The ingredients needed to make Mike's Portabellas Pappadeaux:
  1. Make ready Portabella Pappadeaux
  2. Prepare large Portabella Mushrooms [stems removed and fibers cleaned out. reserve stems]
  3. Make ready Fresh Crab Meat Or 2 cans 6.5 oz Quality Lump Crab Meat [check for shells - drain]
  4. Take Philadelphia Cream Cheese
  5. Prepare Loosely Packed De-thawed Spinach [fully drained & feathered]
  6. Get Half And Half Cream [use additional cream to thin mixture if too dense]
  7. Prepare Grated Parmesan [+ reserves for topping]
  8. Prepare Shreadded Motzerella Cheese [+ reserves for topping]
  9. Take Fresh Minced Garlic
  10. Prepare Fresh Parsley [+ reserves for topping]
  11. Make ready Bread Crumbs [+ reserves - i use roasted garlic flavor]
  12. Take To A 1/3 Cup White Wine [to thin mixture if need be]
  13. Get Olive Oil [+ 1 tbsp for frying onions & garlic]
  14. Make ready Fine Minced Onions
  15. Prepare Butter Olive Oil Spray
  16. Prepare Salt & Cracked Black Pepper
  17. Take Old Bay Seasoning
  18. Get Hollandaise Sauce
  19. Take Knorrs Hollandaise Sauce
  20. Make ready Whole Milk
  21. Get Butter
  22. Prepare Options
  23. Take Sun Dried Tomatoes
Steps to make Mike's Portabellas Pappadeaux:
  1. Preheat oven to 350°.
  2. Gently wipe mushrooms clean. Do not wet or wash them. They'll absorb every bit of that moisture. Pull stems and chop them finely. Gently scoop out the inner black fibers and discard them.
  3. De-thaw spinach and squeeze all the fluids out. You don't want icky runny mushrooms. Feather your dried spinach apart and measure out 1 loose cup.
  4. Add 1 tablespoon oil to pan and add finely chopped onions, garlic and chopped mushroom stems to a heated pan. Fry until translucent but don't burn your garlic. About 3 minutes. Drain on paper towels then add to your cheese mixture.
  5. With the exception of your additional wine and additional half & half - add all ingredients listed in the Portabella Pappadeaux section in a bowl and mix well. Add additional wine and half & half to slightly thin your cheese mixture as needed. But know, you will want this mixture somewhat dense. Not runny by any means.

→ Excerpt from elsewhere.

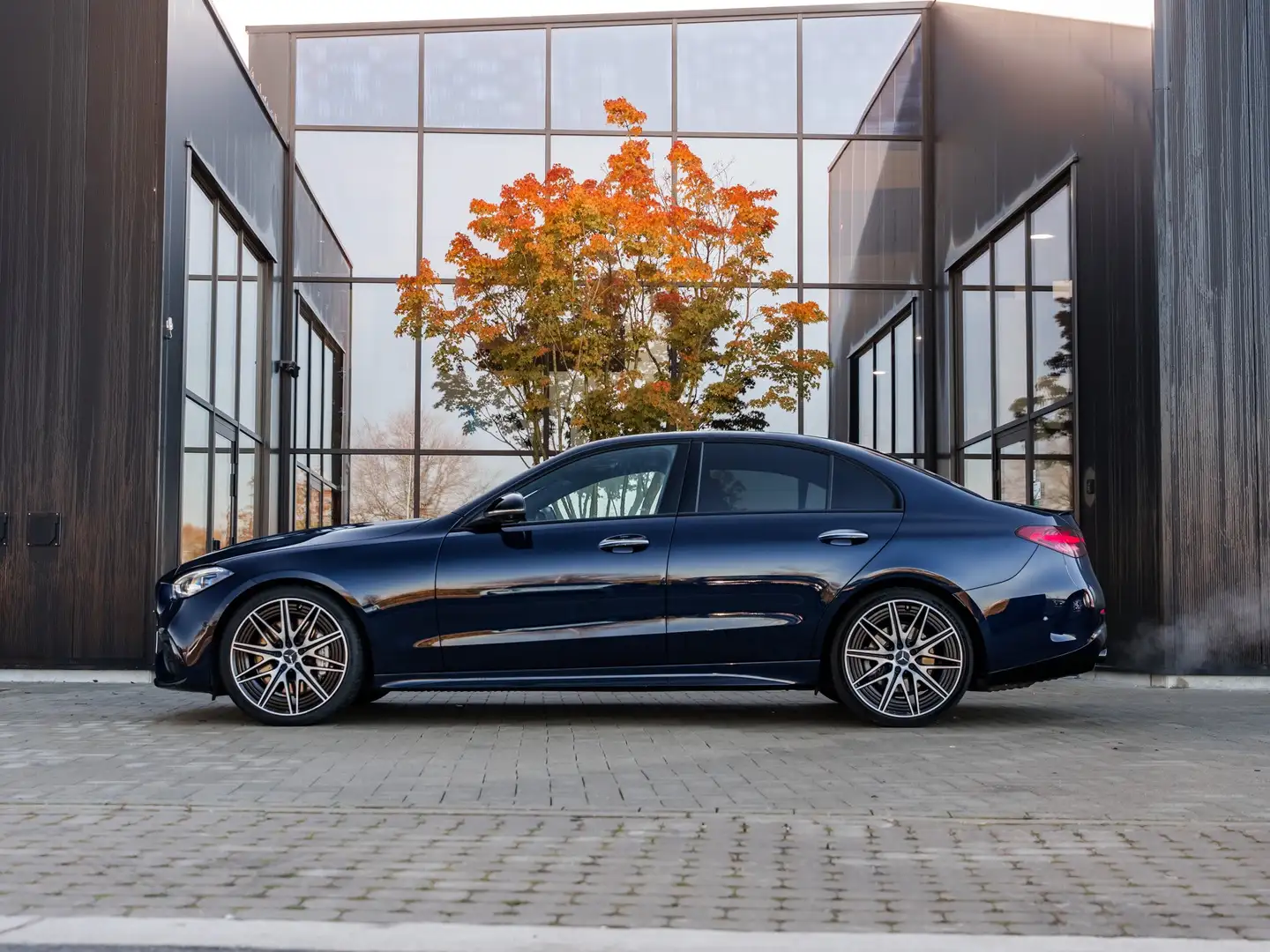 Mercedes-Benz C 43 AMG 4Matic + - Burmester - HUD - 360° - ACC - pano Blauw - 2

  6. Pack filling generously inside of mushrooms tightly. Sprinkle tops with pepper and salt to taste. Top with additional Parmesan and Motzerella Cheese. Top that with additional bread crumbs. Spray tops with butter spray on top to help crisp up the bread crumbs while baking.
  7. Make your easy Hollandaise Sauce with the milk and butter it calls for until thickened up.
  8. Bake mushrooms for 30-35 minutes or, until tops are golden brown. Check periodically for any burning on your cheese tops.
  9. Plate immediately and lightly drizzle with your Hollandaise Sauce. Sprinkle with Paprika if you'd like!

So that’s going to wrap this up for this exceptional food mike's portabellas pappadeaux recipe. Thank you very much for your time. I’m confident that you will make this at home. There’s gonna be more interesting food in home recipes coming up. Remember to save this page on your browser, and share it to your family, friends and colleague. Thank you for reading. Go on get cooking!